- _What you have to do_:
Every line below from the one with "Closeup on woman" through the one with "Mi hija en su" is to be repeated exactly, with no picture among them.

- _Data in this exercise_:
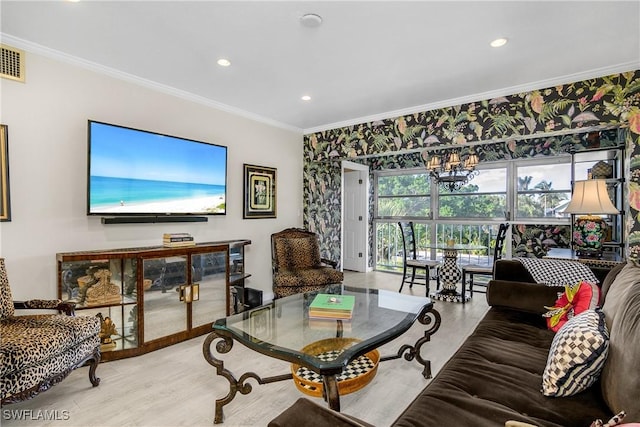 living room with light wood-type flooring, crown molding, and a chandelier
...
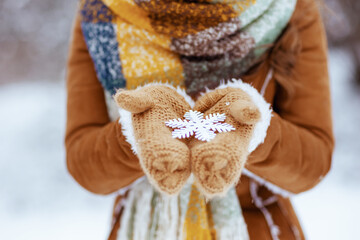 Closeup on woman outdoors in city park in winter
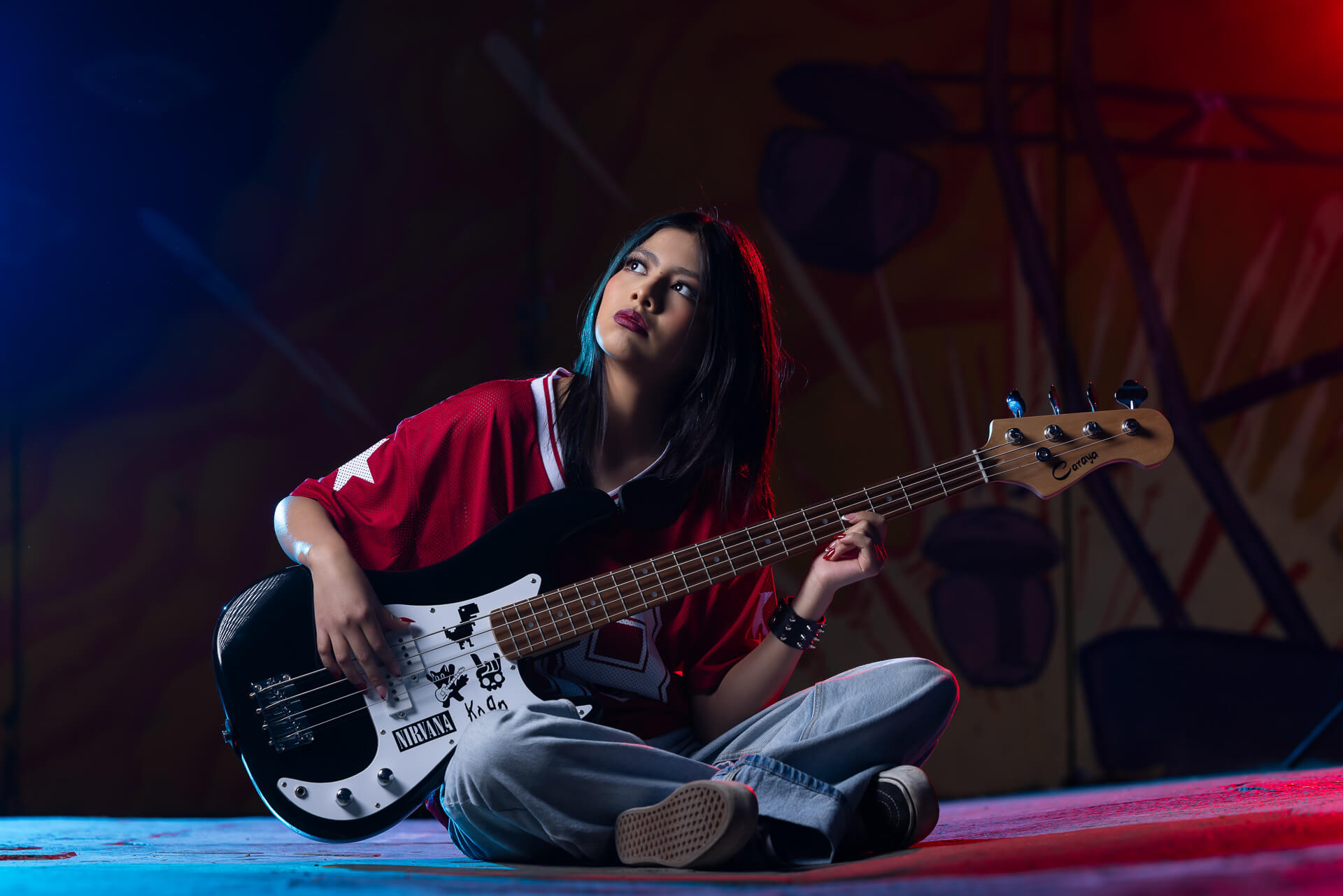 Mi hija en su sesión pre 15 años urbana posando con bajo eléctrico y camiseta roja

- _Answer box_:
 Closeup on woman outdoors in city park in winter
 Mi hija en su sesión pre 15 años urbana posando con bajo eléctrico y camiseta roja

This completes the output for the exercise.